A lot of Michigan workers are about to miss a tax break because their paystub does not spell it out. If you worked overtime in an auto plant, hospital, warehouse, or shop floor job during 2025, you may be able to claim a new federal deduction when you file your 2025 return in 2026. But there is a catch. The no tax on overtime 2025 break does not cover every dollar of overtime pay. It covers only the pay above your regular rate, which is the part the IRS calls qualified overtime compensation. That premium-half rule is where most people will go wrong. Tax laws change frequently, so verify current figures at IRS.gov and michigan.gov/treasury before filing. This guide shows you who qualifies, what math to use, and one Michigan rule that matters more than most workers expect.
What Is the ‘No Tax on Overtime’ Deduction?
The One, Big, Beautiful Bill created a new above-the-line deduction for qualified overtime compensation. In plain English, that means you may be able to subtract certain overtime earnings from your federal taxable income even if you take the standard deduction. For federal tax years 2025 through 2028, the maximum deduction is $12,500 if you file single or $25,000 if you file a joint return. The deduction starts to phase out once modified adjusted gross income goes over $150,000 for single filers or $300,000 for joint filers.
This is not a tax credit, and it does not make every overtime dollar tax-free. It lowers the income the IRS taxes. It also does not change payroll tax withholding rules the way many headline readers assume. The key question is whether the pay qualifies as overtime required by the Fair Labor Standards Act, usually called the FLSA. If it does, you may be able to claim the premium portion on your federal return using Schedule 1-A and the related IRS instructions.
That is why this deduction matters so much during filing season. A worker who logged steady overtime in 2025 may be able to cut taxable income in a real way. A worker who claims the wrong amount could create a problem on the return just as easily.
Who Qualifies – and Who Doesn’t
The people most likely to qualify are hourly or other nonexempt employees who were legally entitled to overtime under the FLSA. That includes many Michigan manufacturing workers, hospital staff, warehouse workers, service technicians, and similar employees who earned time-and-a-half after working more than 40 hours in a workweek.
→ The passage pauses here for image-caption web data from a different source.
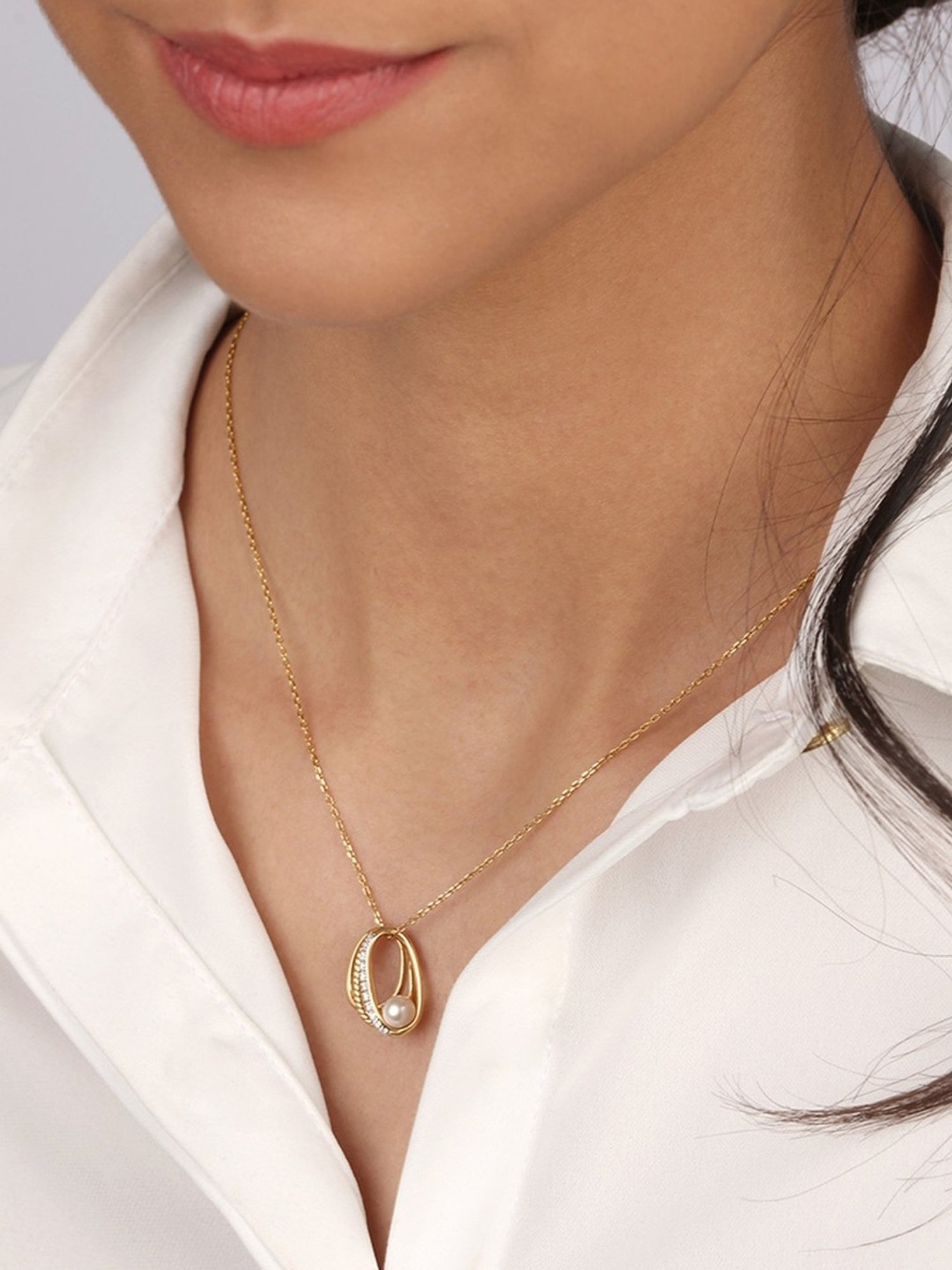 Mia by Tanishq Pretty Cosmic Reverie 14k Gold & Diamond Pearl Pendant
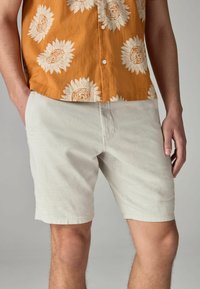 Next REGULAR FIT - Shorts - light grey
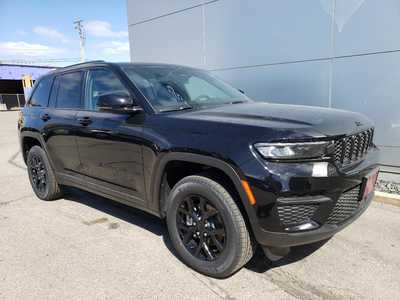 2025 Jeep Grand Cherokee, $42525. Photo 1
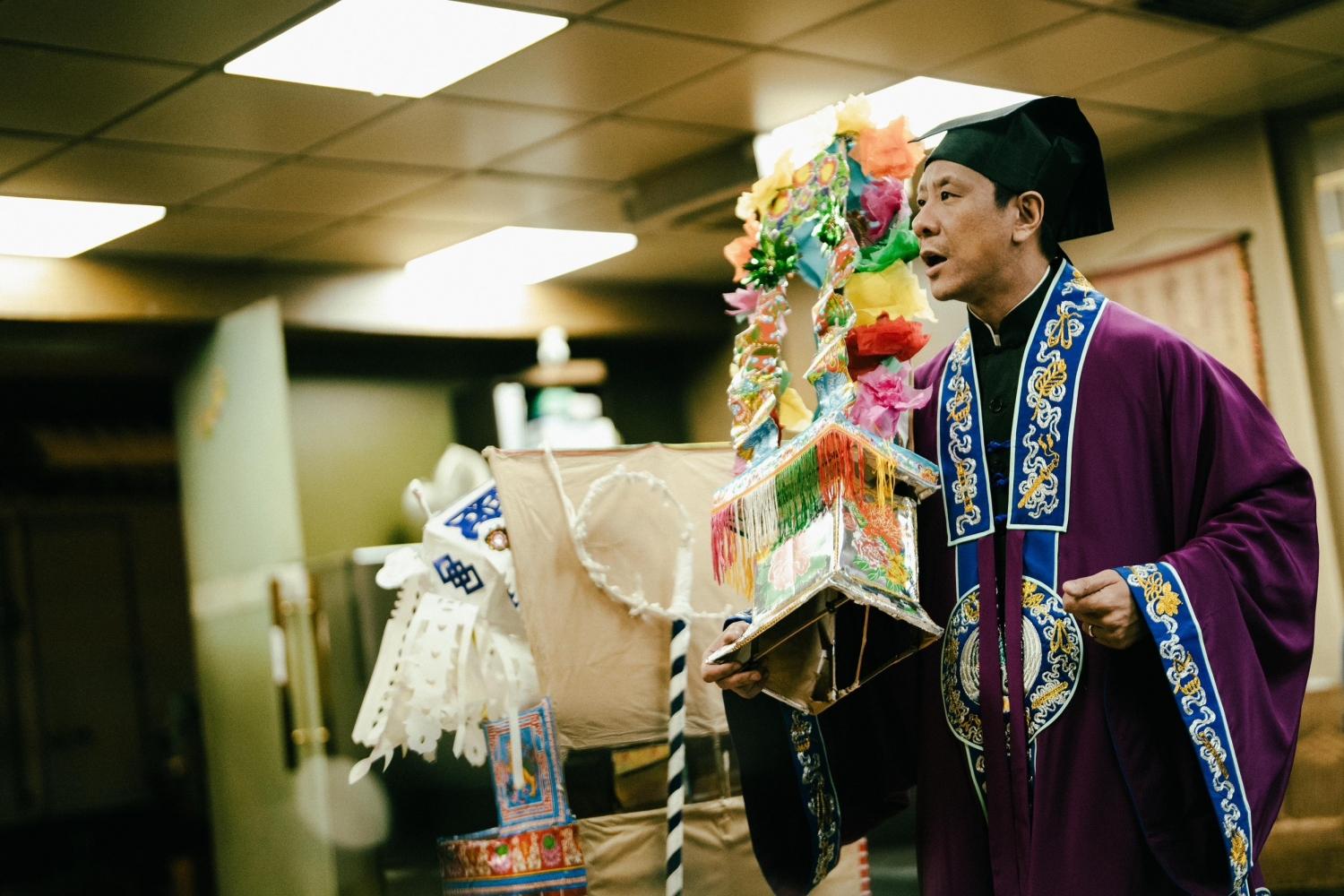 朱栢康在《破‧地獄》飾演第三代「喃嘸師傅」，演技精湛。（圖／MOM production limited 提供）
The IRS also says you need a Social Security number valid for employment, and if you are married you generally have to file jointly to claim the deduction.
Just as important, many workers do not qualify. Exempt salaried employees usually do not because they are not entitled to FLSA overtime in the first place. Self-employed workers and most independent contractors do not qualify either because this deduction is tied to FLSA overtime rules, not just the fact that you worked long hours. And if your employer paid you an extra premium under a contract or company policy that went beyond what the FLSA required, only the FLSA-required piece may count.
Usually qualifies
FLSA-covered hourly or nonexempt employees
• Workers paid time-and-a-half or other FLSA-required overtime premium
• Employees with a valid SSN
• Married workers filing jointly
Usually does not qualify
Exempt salaried managers, administrators, and professionals
• Self-employed workers and most independent contractors
• People paid extra for extra hours but not under FLSA overtime rules
• Married taxpayers filing separately
That last point is why you should look at how your pay was structured, not just how tired you were. Extra hours alone do not create the deduction. The deduction follows the legal overtime premium.
The ‘Premium Half’ Rule: How to Calculate Your Deduction
This is the heart of the article. The deduction does not cover your entire overtime paycheck. It covers only the extra pay above your regular rate. For a standard time-and-a-half worker, that means the deductible piece is the extra 0.5 times your hourly rate for each overtime hour. The straight-time part of those hours is still just regular pay.
The easiest formula is this: overtime hours multiplied by one-half of your regular hourly rate. If you know both numbers, use them. For example, if your regular rate is $28 an hour, the deductible premium for each overtime hour is $14. If you worked 200 overtime hours during 2025, your tentative qualified overtime compensation is $2,800, before you apply the annual cap or any phaseout.
Some workers will not have that clean data. If your 2025 paystub shows only a lump amount for time-and-a-half overtime, the premium piece is often one-third of that total because one-third is the extra half-time premium and two-thirds is the straight-time portion for the extra hours. Special pay plans, public-safety work-period rules, double-time arrangements, and federal employee rules can require different math, so the safest move is to follow the current Schedule 1-A instructions when your payroll setup is unusual.
Premium-half formula
Standard time-and-a-half: qualified overtime deduction = overtime hours x 0.5 x regular hourly rate.
If your paystub only shows total time-and-a-half overtime pay, one-third of that total is often the deductible premium portion.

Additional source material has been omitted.